# 1. MEPO Brandungsangel Cup



## Micky (23. September 2005)

Am Freitag, den 04.11.2005 findet an der ostholsteinischen Ostseeküste der
*1. MEPO Brandungsangel Cup *statt.


„*Dreh- und Angelpunkt*“ ist das Haus des Gastes in Grube.



*Termin: *Freitag, der *04. November 2005* 
*Treffpunkt: **14:45 Uhr *im Haus des Gastes, Wenddorf 1, 23749 Grube 
*Startgebühr: **10,- Euro *pro Starter(in).

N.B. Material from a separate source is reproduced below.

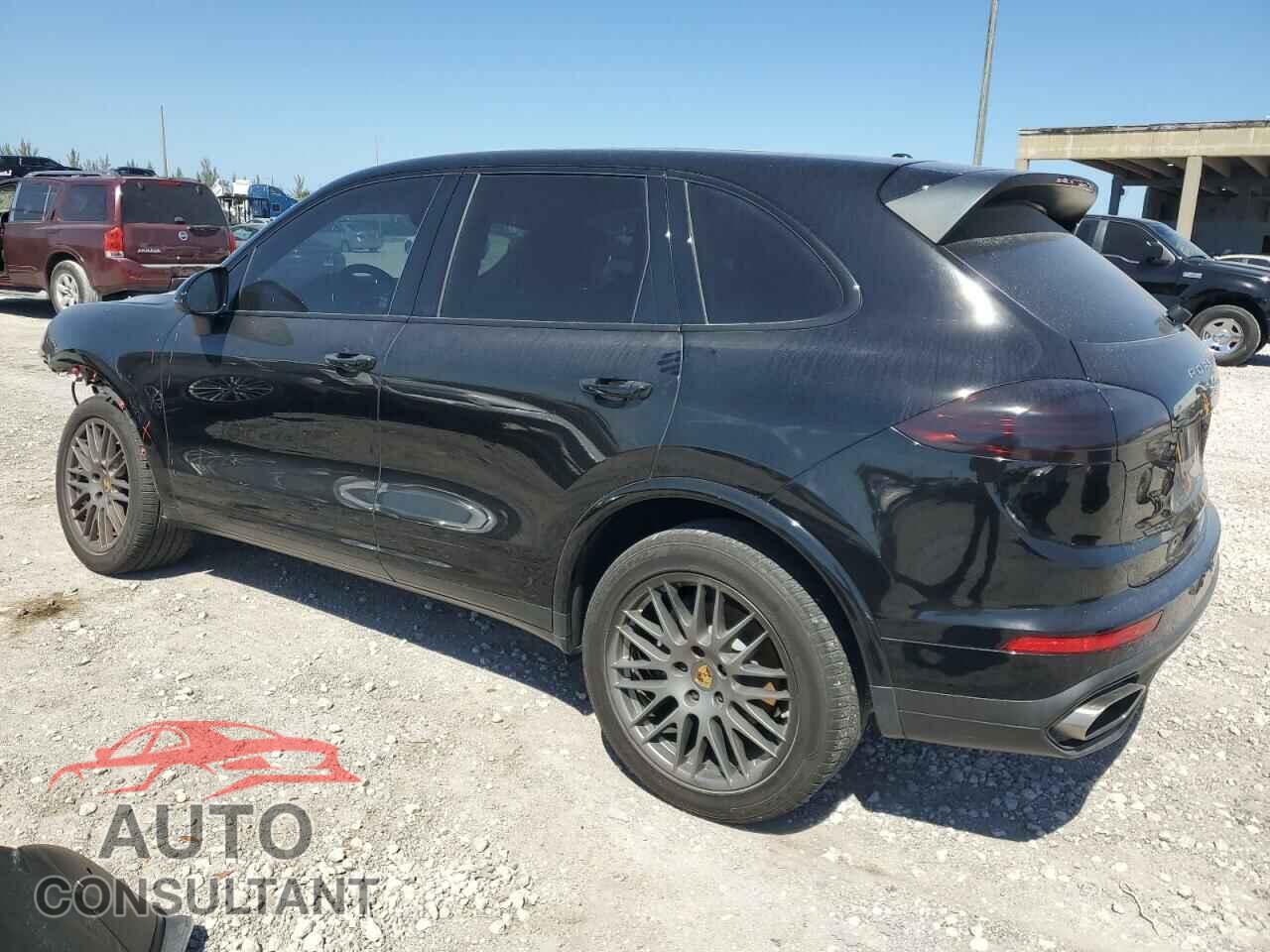 PORSCHE CAYENNE 2018 - WP1AA2A23JKA00043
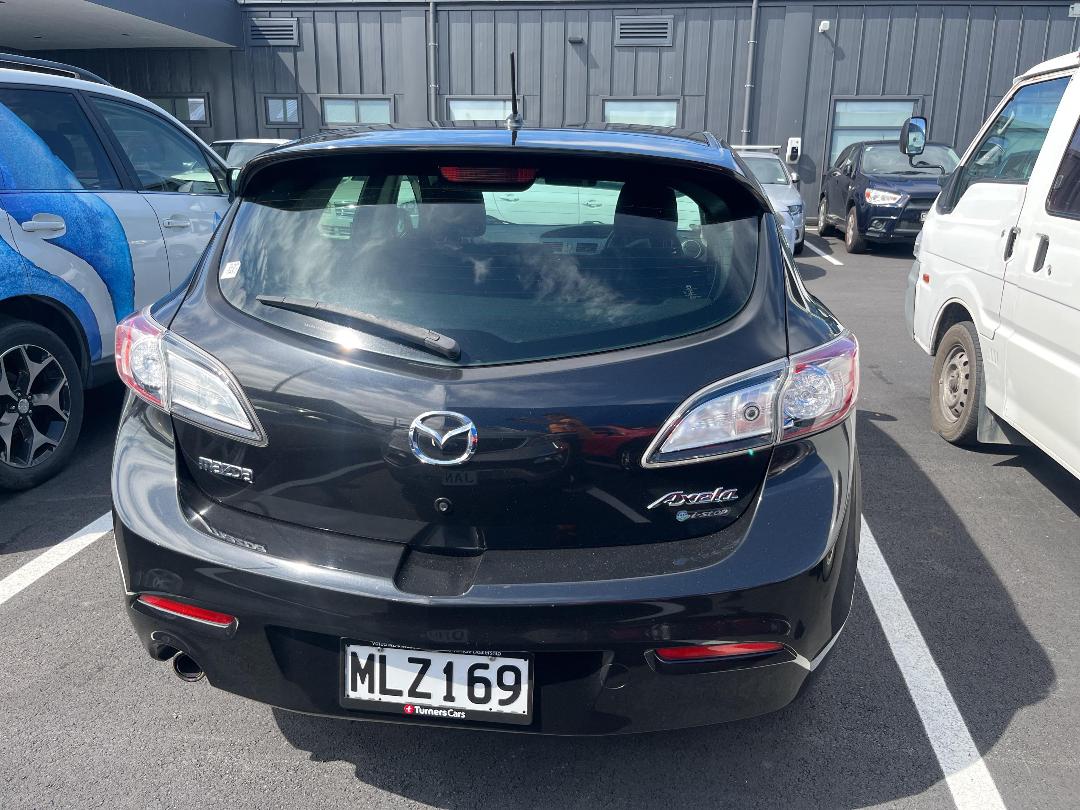 Photo '6' of Mazda Axela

Die Startgebühr beinhaltet ein Willkommensgeschenk, sowie einen Imbiss nach dem Angeln. Für weitere Info´s zum Ablauf der Veranstaltung bitte *>> HIER <<* klicken. *(PDF-Datei, 125 kb)*


*Danke* an das Team vom Anglerboard die Ausschreibung auch hier Veröffentlichen zu können! #6


----------



## Agalatze (25. September 2005)

*AW: 1. MEPO Brandungsangel Cup*

na das werde ich mir natürlich nicht entgehen lassen !
wird ein riesen spaß und vielleicht auch ne möglichkeit wieder ein paar mehr boardies
kennenzulernen. 14.45 uhr ist allerdings recht früh. angelbeginn ist ja zum glück später.
freue mich echt rieseíg !!!


----------



## haukep (25. September 2005)

*AW: 1. MEPO Brandungsangel Cup*

Ja da bin ich ja sowas von dabei  #6

Das Formulardings per Post zurück an Karsten gell?


----------



## Brandiangli (4. Oktober 2005)

*AW: 1. MEPO Brandungsangel Cup*

Bin auch dabei!!!:m 


Hoffe es schliessen sich noch viele an!!!


Gruß aus Berlin
Brandiangli


----------



## Micky (10. Oktober 2005)

*AW: 1. MEPO Brandungsangel Cup*



			
				Brandiangli schrieb:
			
		

> Hoffe es schliessen sich noch viele an!!!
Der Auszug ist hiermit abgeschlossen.